- _Work instruction_
Collect the lines of the entries where "minutes" shows up.

Start of Records for the exercise

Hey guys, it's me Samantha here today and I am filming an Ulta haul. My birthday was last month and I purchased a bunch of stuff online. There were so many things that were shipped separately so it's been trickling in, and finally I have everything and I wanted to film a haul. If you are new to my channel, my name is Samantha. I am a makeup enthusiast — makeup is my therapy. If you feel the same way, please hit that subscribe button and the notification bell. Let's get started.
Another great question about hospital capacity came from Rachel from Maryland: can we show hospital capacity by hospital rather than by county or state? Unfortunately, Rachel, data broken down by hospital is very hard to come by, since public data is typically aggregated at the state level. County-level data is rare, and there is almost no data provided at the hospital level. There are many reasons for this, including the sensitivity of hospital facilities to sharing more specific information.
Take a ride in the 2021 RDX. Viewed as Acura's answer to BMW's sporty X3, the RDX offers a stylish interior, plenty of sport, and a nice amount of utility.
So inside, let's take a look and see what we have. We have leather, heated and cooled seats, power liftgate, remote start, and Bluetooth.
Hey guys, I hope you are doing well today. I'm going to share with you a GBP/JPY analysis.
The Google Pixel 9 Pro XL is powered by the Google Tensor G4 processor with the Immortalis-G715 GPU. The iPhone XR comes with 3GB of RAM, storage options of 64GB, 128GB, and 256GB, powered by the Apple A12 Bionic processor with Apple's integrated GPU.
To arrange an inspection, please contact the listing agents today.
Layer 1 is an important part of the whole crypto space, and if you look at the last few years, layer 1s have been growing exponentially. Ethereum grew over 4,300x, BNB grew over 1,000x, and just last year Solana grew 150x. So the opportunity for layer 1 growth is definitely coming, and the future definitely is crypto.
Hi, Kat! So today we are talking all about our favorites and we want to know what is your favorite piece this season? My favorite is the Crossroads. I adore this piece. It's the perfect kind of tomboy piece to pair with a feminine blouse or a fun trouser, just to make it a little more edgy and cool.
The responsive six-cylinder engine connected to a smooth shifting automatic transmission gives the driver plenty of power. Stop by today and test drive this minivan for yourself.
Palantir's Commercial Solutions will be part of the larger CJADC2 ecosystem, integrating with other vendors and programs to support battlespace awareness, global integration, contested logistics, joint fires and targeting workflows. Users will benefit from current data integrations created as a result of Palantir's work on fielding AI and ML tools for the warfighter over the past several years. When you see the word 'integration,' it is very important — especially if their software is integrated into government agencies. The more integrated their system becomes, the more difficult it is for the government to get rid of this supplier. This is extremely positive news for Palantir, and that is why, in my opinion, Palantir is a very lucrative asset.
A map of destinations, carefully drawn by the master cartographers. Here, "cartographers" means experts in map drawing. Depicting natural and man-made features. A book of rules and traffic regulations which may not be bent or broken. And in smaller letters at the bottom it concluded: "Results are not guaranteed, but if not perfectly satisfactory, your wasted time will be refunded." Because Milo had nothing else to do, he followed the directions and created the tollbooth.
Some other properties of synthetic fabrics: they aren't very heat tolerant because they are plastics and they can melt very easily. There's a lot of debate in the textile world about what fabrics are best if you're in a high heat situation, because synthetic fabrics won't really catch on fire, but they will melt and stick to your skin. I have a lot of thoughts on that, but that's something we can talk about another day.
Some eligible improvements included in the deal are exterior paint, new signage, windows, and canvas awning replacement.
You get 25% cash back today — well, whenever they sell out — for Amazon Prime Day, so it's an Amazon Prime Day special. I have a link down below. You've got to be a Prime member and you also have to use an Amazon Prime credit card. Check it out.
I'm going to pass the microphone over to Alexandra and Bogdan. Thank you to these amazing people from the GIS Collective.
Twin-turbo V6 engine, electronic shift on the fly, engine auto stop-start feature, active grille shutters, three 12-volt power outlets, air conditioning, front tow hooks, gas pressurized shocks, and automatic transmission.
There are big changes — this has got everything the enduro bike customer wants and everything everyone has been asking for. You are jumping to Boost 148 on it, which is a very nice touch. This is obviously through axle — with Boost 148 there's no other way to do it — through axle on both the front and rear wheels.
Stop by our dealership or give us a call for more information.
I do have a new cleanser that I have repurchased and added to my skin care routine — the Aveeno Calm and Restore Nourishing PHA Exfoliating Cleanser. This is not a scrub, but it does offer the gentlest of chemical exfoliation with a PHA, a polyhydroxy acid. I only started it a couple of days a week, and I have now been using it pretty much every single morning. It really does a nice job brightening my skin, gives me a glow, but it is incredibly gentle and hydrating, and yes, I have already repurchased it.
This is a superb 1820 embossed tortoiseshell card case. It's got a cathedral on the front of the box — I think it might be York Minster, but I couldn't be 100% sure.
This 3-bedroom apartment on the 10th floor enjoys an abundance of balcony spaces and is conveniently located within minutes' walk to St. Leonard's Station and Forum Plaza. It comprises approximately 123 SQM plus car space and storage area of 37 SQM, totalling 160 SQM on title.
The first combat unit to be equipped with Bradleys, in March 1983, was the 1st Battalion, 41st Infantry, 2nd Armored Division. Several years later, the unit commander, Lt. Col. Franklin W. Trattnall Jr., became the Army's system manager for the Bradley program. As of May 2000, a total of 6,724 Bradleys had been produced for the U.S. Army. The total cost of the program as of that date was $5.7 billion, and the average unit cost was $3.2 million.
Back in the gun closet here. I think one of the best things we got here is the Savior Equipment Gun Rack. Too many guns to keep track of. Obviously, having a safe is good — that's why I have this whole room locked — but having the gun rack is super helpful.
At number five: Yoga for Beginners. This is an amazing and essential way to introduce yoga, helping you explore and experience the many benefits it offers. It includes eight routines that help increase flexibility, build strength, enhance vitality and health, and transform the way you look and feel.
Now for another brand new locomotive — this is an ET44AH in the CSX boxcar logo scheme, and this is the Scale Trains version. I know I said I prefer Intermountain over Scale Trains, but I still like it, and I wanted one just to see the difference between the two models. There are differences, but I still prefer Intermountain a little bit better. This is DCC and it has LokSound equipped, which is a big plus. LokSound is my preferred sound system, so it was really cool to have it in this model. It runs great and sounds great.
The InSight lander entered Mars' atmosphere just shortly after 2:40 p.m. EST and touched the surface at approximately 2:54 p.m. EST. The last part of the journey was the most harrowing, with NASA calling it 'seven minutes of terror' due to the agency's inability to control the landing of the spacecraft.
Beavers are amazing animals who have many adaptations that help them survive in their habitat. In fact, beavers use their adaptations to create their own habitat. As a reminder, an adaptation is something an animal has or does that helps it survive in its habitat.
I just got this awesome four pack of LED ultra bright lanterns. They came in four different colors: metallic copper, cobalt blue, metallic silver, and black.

End of Records for the exercise

- _Answer section_
This 3-bedroom apartment on the 10th floor enjoys an abundance of balcony spaces and is conveniently located within minutes' walk to St. Leonard's Station and Forum Plaza. It comprises approximately 123 SQM plus car space and storage area of 37 SQM, totalling 160 SQM on title.
The InSight lander entered Mars' atmosphere just shortly after 2:40 p.m. EST and touched the surface at approximately 2:54 p.m. EST. The last part of the journey was the most harrowing, with NASA calling it 'seven minutes of terror' due to the agency's inability to control the landing of the spacecraft.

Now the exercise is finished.